Exercise objective => Begin at the line containing "de Kwakel 23 december 2005" in the entries below and end at the line containing "image for item"; transcribe that range exactly and nothing outside it.

Dataset =>
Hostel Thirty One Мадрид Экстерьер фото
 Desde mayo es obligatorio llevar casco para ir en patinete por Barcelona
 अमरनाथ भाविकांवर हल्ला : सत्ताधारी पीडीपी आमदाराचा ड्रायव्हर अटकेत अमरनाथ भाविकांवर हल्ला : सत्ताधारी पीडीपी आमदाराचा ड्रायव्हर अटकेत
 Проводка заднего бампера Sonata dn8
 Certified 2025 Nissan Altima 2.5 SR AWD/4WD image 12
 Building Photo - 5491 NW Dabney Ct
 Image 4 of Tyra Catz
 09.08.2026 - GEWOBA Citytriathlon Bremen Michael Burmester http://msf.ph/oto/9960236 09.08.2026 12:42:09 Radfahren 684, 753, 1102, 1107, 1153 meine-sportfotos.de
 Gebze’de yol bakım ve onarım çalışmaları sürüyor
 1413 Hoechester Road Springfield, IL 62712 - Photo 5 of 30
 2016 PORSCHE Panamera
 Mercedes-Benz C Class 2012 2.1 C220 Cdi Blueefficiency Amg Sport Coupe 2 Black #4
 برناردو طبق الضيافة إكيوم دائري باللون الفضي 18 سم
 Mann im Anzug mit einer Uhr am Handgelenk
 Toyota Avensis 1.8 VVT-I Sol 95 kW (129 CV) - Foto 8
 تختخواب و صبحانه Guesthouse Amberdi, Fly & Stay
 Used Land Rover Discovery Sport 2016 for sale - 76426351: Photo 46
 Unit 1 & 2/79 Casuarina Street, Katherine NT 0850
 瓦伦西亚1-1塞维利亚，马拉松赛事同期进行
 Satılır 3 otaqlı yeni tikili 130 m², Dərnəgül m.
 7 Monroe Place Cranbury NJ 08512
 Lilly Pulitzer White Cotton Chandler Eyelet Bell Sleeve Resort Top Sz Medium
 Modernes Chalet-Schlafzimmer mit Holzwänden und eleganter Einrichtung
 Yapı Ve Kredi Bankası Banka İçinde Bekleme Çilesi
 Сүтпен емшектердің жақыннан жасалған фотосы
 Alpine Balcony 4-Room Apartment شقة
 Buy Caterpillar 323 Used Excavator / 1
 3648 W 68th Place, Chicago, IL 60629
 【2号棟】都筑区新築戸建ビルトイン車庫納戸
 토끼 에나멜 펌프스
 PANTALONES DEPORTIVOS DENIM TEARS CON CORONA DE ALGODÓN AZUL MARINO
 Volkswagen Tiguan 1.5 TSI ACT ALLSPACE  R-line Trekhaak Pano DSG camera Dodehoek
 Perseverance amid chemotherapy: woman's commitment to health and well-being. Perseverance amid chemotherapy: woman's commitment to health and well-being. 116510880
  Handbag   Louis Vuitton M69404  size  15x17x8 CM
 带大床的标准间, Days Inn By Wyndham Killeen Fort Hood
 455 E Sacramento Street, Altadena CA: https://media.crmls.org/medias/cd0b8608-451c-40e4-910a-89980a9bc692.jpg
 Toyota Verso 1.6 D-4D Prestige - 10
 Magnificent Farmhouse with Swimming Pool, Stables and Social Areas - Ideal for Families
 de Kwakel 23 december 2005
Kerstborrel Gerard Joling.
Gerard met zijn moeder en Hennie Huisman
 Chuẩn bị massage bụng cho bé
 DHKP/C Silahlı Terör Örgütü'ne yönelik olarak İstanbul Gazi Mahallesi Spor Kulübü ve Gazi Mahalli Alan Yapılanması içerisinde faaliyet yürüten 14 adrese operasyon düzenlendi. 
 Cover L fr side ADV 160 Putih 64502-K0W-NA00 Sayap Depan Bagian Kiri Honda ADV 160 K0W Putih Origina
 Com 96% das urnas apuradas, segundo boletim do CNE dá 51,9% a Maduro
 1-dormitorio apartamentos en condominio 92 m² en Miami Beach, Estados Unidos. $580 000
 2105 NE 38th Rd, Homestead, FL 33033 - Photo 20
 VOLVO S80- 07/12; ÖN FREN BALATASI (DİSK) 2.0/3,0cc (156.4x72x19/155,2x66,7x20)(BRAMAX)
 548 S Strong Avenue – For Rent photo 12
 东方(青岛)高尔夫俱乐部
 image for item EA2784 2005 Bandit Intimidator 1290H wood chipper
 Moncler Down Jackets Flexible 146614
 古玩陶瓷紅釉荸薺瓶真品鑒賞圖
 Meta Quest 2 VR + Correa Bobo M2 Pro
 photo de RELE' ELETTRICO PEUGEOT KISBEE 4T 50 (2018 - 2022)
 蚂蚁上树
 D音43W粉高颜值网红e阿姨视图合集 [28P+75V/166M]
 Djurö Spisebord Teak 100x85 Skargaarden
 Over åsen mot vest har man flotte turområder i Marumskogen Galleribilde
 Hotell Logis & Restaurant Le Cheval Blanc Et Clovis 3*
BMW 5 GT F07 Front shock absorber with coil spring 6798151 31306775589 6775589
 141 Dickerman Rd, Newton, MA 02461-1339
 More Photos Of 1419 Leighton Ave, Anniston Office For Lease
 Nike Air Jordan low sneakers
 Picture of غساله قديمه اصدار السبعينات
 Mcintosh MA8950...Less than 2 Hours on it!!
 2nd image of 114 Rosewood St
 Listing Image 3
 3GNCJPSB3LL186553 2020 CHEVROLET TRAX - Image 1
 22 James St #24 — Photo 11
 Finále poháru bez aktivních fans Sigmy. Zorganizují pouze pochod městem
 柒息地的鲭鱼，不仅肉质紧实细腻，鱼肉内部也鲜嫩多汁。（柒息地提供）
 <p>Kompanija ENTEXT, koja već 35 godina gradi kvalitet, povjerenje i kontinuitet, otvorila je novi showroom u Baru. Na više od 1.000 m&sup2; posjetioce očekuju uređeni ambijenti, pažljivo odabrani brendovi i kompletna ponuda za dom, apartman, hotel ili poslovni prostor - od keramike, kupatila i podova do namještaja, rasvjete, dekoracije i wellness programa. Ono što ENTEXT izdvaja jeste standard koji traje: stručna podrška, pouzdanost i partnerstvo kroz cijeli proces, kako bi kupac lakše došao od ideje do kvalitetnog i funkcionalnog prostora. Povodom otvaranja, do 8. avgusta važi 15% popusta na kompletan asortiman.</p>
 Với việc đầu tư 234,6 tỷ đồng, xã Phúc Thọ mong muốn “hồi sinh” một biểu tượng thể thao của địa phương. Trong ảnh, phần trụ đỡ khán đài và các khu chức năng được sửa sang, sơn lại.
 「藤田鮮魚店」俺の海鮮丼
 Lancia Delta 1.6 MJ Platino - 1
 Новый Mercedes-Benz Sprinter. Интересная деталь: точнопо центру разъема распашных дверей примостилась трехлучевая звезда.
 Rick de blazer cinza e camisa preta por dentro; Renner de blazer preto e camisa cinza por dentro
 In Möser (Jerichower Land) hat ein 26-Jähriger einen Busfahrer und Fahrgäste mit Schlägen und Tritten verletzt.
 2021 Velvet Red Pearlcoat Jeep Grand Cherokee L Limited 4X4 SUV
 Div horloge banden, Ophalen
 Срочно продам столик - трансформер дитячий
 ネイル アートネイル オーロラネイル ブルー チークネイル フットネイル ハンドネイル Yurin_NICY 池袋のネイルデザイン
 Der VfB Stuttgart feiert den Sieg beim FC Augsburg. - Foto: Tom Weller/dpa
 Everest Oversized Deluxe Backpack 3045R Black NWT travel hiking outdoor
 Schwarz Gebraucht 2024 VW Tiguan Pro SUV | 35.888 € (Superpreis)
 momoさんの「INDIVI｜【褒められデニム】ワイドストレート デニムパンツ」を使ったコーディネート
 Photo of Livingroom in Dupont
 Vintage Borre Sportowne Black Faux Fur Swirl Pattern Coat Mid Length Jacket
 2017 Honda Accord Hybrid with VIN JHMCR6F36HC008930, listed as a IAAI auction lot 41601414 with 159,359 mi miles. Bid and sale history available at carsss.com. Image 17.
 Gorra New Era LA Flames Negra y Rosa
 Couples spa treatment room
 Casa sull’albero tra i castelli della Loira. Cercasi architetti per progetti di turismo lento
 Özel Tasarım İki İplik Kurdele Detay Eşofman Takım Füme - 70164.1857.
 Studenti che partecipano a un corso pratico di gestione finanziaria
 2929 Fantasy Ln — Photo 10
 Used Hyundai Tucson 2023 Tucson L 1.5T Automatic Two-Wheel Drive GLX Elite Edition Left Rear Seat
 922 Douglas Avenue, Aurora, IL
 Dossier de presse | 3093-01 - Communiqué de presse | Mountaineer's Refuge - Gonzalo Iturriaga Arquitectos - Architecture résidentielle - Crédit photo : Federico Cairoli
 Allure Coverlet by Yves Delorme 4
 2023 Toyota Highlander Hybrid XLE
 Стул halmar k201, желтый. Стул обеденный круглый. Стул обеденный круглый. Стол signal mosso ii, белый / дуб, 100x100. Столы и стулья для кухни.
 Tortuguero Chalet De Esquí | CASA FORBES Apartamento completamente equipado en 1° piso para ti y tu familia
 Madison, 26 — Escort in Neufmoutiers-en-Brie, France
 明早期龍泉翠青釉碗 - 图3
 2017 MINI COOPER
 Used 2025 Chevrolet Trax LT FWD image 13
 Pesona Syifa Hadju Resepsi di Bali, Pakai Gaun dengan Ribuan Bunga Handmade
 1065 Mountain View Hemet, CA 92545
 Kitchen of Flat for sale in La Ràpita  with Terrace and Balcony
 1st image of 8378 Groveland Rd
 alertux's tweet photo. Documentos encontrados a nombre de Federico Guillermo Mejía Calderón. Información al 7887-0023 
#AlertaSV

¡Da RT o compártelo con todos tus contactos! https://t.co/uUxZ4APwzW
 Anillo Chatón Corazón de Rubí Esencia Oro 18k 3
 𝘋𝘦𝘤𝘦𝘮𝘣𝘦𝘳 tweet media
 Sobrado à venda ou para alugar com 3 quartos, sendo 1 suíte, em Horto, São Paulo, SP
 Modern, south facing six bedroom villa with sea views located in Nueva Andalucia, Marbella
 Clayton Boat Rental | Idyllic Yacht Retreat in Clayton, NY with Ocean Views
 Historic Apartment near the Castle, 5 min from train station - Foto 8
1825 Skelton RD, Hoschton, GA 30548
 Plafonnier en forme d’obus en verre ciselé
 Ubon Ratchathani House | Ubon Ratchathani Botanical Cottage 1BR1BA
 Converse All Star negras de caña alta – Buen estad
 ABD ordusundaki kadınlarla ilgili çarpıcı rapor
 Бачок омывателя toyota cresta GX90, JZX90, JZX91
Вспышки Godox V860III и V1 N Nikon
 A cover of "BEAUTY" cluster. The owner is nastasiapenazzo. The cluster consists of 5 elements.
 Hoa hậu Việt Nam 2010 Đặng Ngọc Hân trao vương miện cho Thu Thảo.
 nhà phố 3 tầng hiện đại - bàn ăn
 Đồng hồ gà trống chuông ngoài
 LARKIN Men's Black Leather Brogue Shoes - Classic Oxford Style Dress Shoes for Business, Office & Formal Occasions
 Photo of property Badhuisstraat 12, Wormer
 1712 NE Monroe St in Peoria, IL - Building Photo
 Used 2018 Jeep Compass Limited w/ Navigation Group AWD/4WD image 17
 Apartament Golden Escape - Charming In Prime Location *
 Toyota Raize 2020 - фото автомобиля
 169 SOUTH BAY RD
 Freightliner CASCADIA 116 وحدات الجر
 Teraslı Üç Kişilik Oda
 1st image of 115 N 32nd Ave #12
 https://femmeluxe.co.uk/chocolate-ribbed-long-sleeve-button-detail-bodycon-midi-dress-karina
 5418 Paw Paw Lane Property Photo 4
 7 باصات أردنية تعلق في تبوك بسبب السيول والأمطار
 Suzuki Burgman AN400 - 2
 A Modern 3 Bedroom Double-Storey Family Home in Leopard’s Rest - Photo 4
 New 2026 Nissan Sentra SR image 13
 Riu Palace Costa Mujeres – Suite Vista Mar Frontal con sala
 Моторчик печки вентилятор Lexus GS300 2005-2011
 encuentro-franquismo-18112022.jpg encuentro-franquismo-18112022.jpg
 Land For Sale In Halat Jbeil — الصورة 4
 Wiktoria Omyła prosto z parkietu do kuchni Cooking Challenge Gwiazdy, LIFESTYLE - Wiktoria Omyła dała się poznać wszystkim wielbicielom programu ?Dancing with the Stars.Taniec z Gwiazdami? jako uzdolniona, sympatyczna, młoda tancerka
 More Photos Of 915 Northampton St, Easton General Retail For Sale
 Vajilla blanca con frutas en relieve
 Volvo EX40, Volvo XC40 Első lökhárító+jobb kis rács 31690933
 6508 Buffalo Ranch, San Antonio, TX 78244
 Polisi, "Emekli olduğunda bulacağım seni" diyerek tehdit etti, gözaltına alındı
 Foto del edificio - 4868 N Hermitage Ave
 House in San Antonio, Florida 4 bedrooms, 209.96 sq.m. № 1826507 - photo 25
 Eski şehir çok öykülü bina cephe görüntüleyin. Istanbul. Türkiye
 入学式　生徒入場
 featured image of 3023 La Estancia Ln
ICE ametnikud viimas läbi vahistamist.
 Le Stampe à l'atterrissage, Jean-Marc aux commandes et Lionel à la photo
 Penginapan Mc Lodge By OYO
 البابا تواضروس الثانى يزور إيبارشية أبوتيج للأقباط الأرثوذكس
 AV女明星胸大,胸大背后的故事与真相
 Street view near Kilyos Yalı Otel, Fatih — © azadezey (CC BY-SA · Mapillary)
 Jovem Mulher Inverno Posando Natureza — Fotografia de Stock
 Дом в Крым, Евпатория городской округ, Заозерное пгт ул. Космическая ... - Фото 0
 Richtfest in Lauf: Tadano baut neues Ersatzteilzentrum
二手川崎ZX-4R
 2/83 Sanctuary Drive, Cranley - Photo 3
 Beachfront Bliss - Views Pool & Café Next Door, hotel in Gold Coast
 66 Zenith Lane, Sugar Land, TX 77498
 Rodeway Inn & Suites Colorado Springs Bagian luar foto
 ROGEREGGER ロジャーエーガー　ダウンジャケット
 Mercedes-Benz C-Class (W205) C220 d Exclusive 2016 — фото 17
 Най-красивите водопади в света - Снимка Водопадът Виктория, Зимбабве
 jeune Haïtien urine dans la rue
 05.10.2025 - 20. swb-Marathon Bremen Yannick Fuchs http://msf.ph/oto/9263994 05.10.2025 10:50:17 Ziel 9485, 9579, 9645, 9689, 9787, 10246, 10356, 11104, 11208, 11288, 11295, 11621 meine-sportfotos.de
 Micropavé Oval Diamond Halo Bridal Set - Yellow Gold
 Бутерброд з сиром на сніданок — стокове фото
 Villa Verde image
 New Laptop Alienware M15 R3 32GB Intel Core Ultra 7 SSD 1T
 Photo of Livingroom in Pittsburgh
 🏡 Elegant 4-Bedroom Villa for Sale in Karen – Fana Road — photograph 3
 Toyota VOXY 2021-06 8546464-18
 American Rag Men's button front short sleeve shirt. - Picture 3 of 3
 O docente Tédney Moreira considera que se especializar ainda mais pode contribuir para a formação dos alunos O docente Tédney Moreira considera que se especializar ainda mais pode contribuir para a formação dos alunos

Response =>
 de Kwakel 23 december 2005
Kerstborrel Gerard Joling.
Gerard met zijn moeder en Hennie Huisman
 Chuẩn bị massage bụng cho bé
 DHKP/C Silahlı Terör Örgütü'ne yönelik olarak İstanbul Gazi Mahallesi Spor Kulübü ve Gazi Mahalli Alan Yapılanması içerisinde faaliyet yürüten 14 adrese operasyon düzenlendi. 
 Cover L fr side ADV 160 Putih 64502-K0W-NA00 Sayap Depan Bagian Kiri Honda ADV 160 K0W Putih Origina
 Com 96% das urnas apuradas, segundo boletim do CNE dá 51,9% a Maduro
 1-dormitorio apartamentos en condominio 92 m² en Miami Beach, Estados Unidos. $580 000
 2105 NE 38th Rd, Homestead, FL 33033 - Photo 20
 VOLVO S80- 07/12; ÖN FREN BALATASI (DİSK) 2.0/3,0cc (156.4x72x19/155,2x66,7x20)(BRAMAX)
 548 S Strong Avenue – For Rent photo 12
 东方(青岛)高尔夫俱乐部
 image for item EA2784 2005 Bandit Intimidator 1290H wood chipper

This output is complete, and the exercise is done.